- **TASK DESCRIPTION**: Give again, exactly and without pictures, the lines running from the line with "아, 쫌 참으세요 영주님! 23화 28" to the end of the records below.

>>>

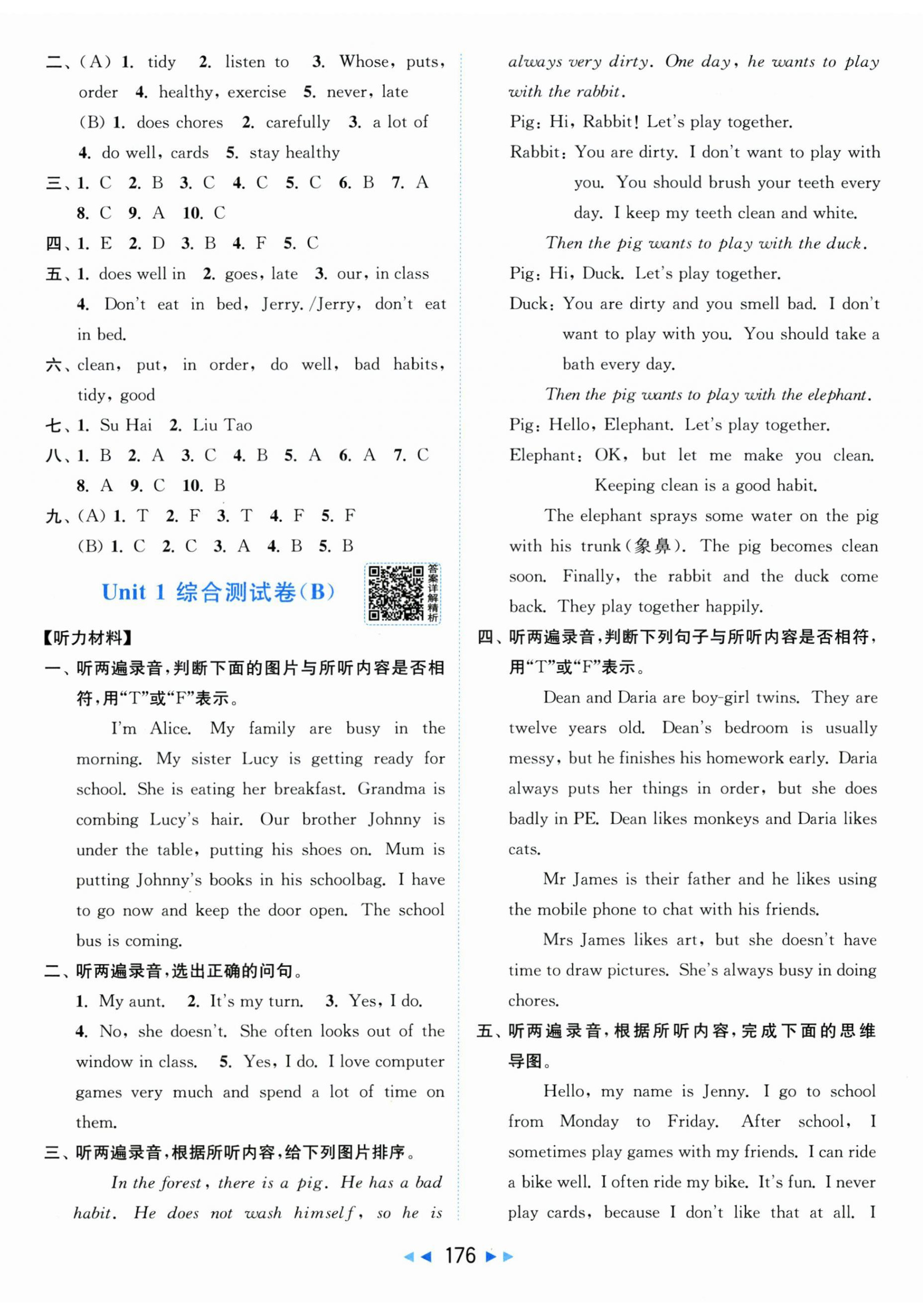 2026年亮点给力大试卷五年级英语上册译林版&nbsp;第2页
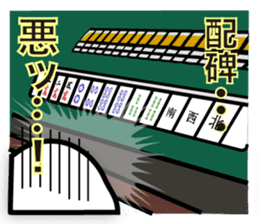 Mahjong talk Sticker! sticker #10284793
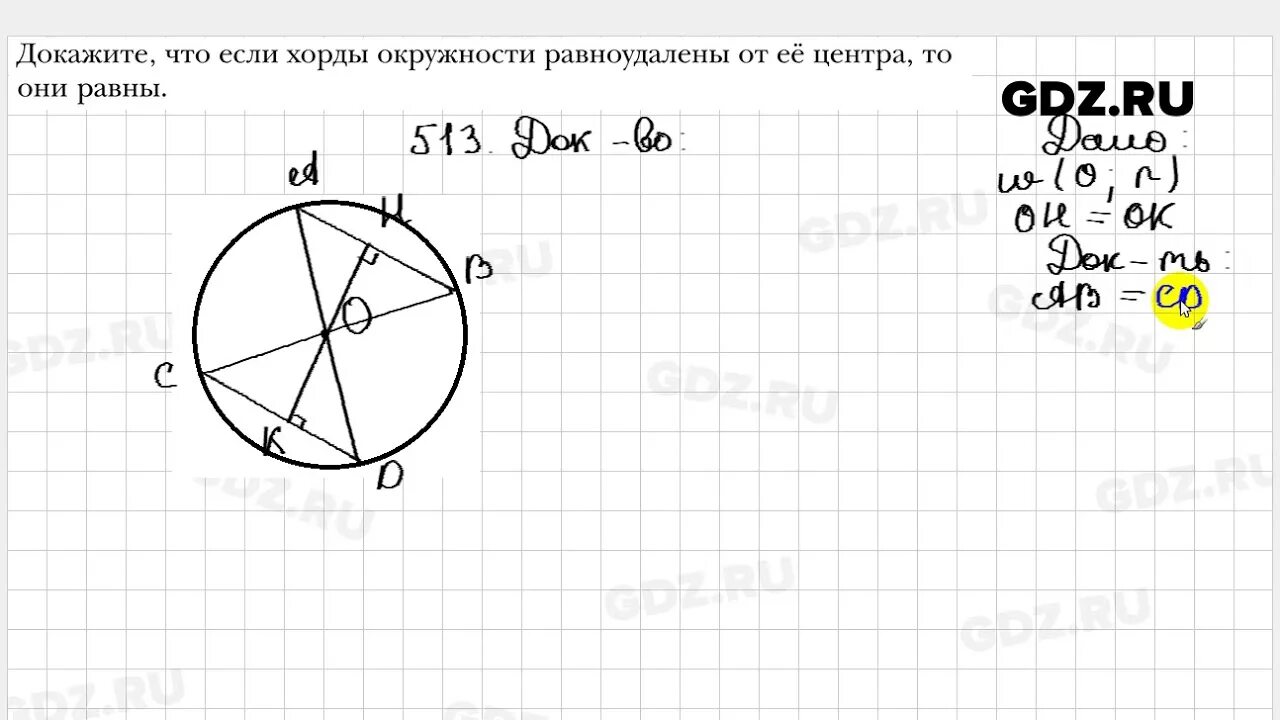 Геометрия 7 класс мерзляк номер 482. Геометрия 7 класс Мерзляк 513. Гдз по геометрии 7 класс Мерзляк номер 513. Геометрия 7 класс Мерзляк. Гдз 7 класс Мерзляк геометрия 513 номер.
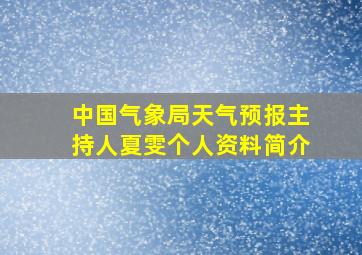 中国气象局天气预报主持人夏雯个人资料简介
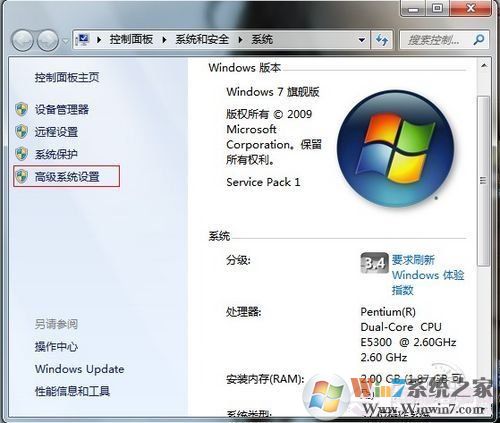 桌面图标有阴影怎么去掉教你轻松解决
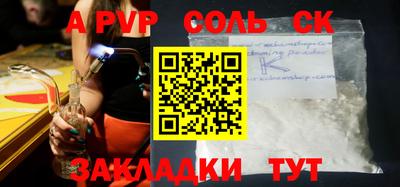 a pvp Севастополь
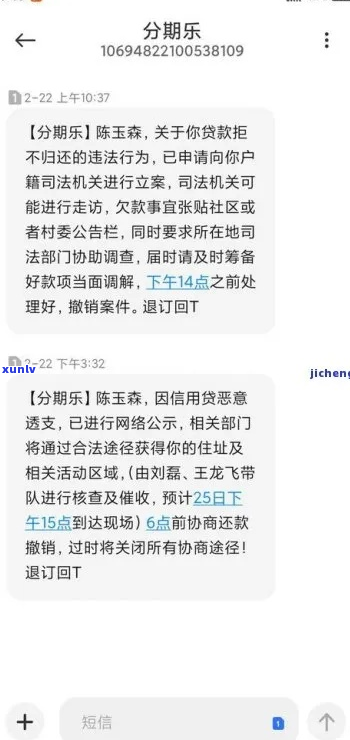 逾期85天会怎么处理-逾期了8几天,会有什么后果?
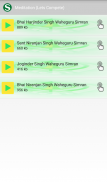 Simran Jaap (Waheguru) screenshot 1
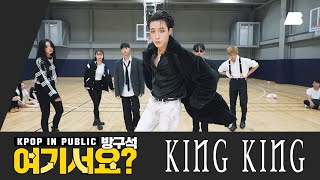 방구석 여기서요 DUCKWRTH  King King WE DEM BOYZ Choreography  커버댄스 Dance Cover [upl. by Pacien]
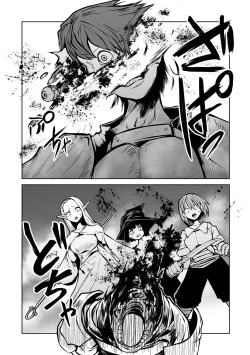 Page 42 of Ryona King Vol.20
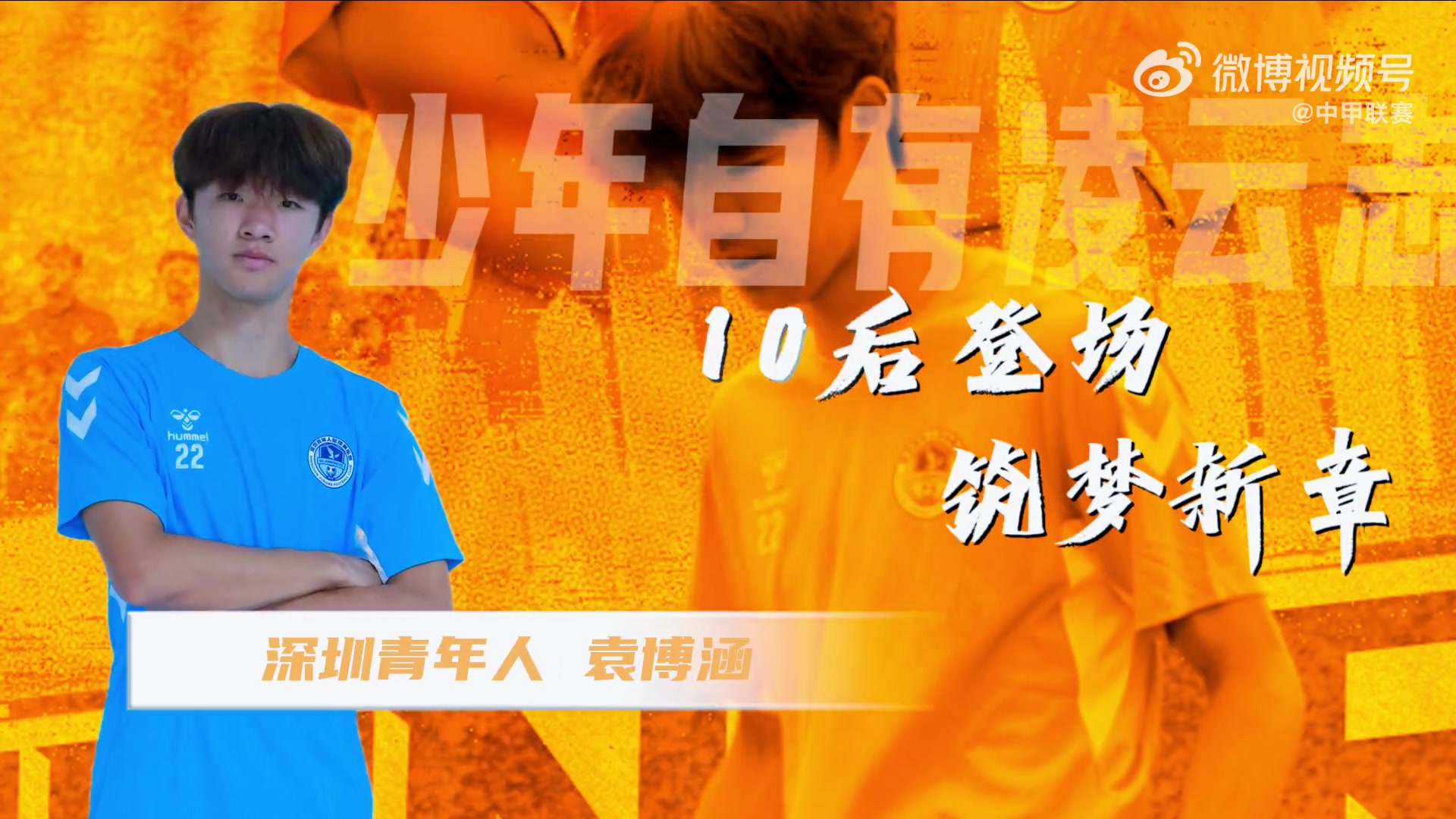 湖北青年星小将袁博涵成中国足球职业联赛首位10后出场球员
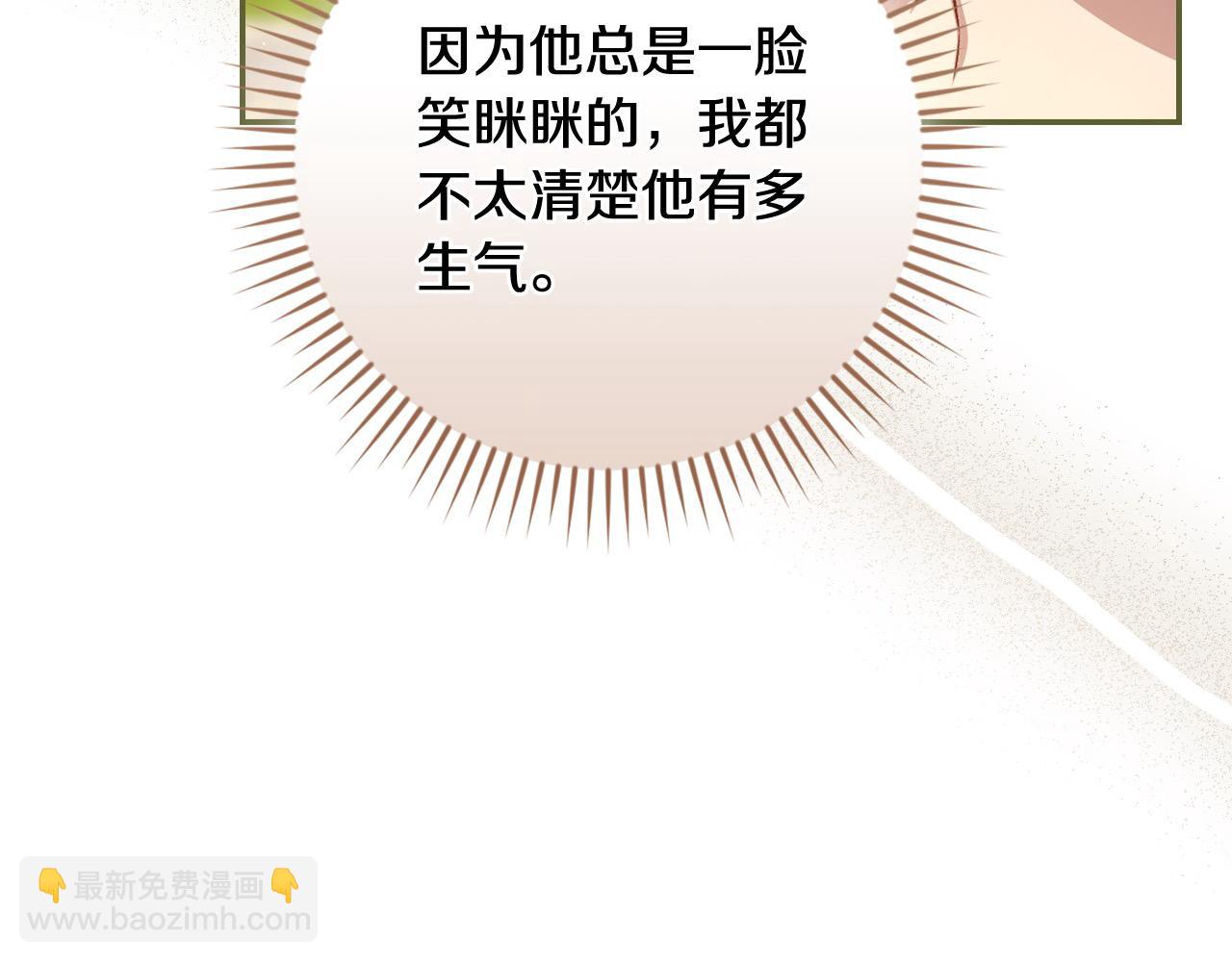 第117话 想杀大魔法师？31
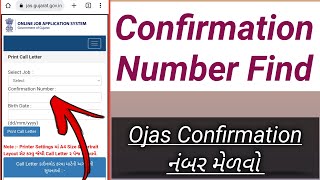 How to find confirmation number from ojas  Junior clerk confirmation numberGkwithnir [upl. by Aihsekat]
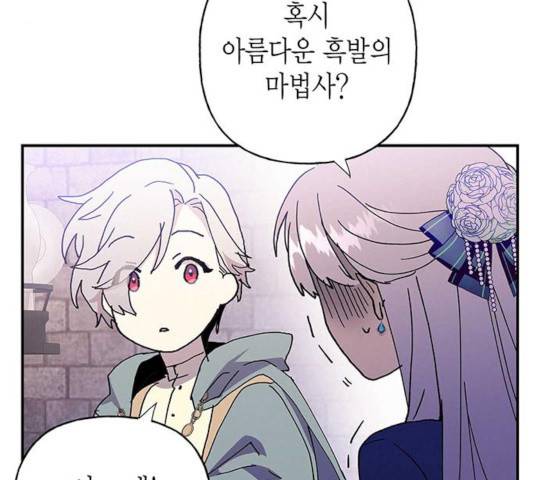 아, 쫌 참으세요 영주님! 23화 28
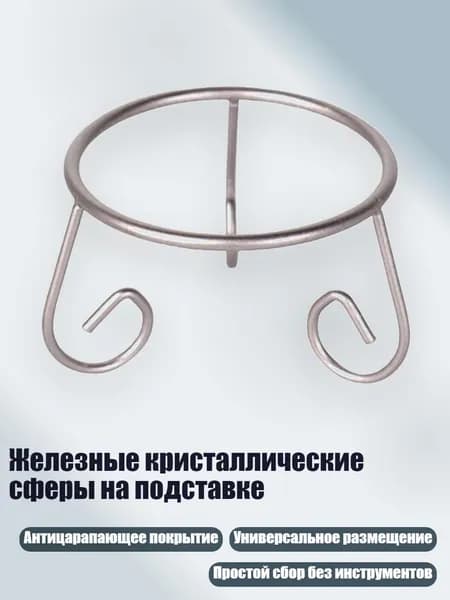 Железные кристаллические сферы на подставке, Светло-серый - XL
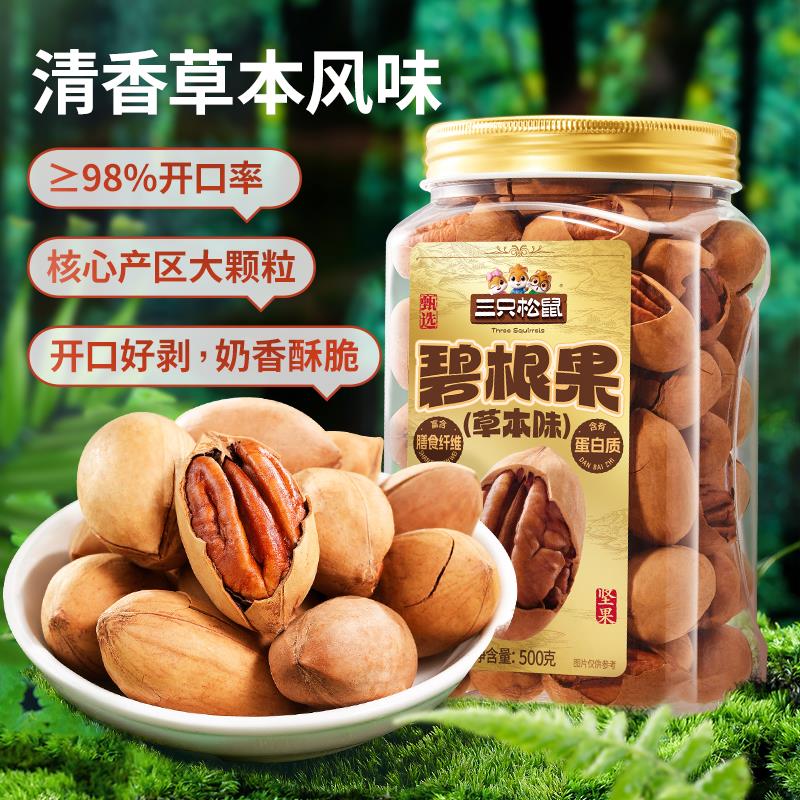 三只松鼠草本味碧根果500g坚果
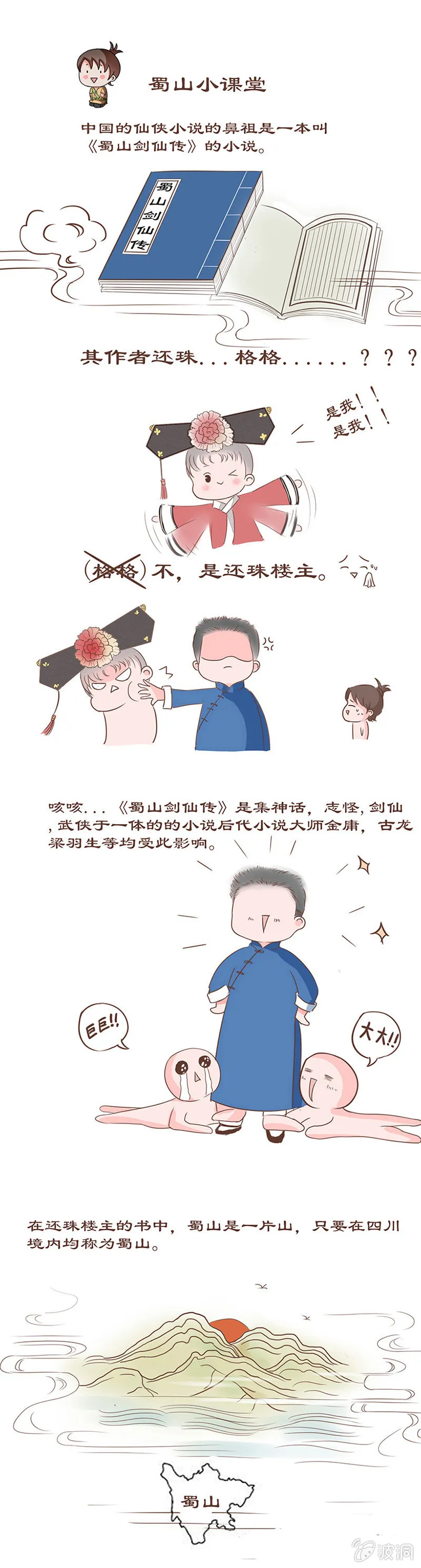 第5话 天师魔化 第17页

<<<

- **WRITTEN SOLUTION**:
 아, 쫌 참으세요 영주님! 23화 28
 Железные кристаллические сферы на подставке, Светло-серый - XL
 三只松鼠草本味碧根果500g坚果
 第5话 天师魔化 第17页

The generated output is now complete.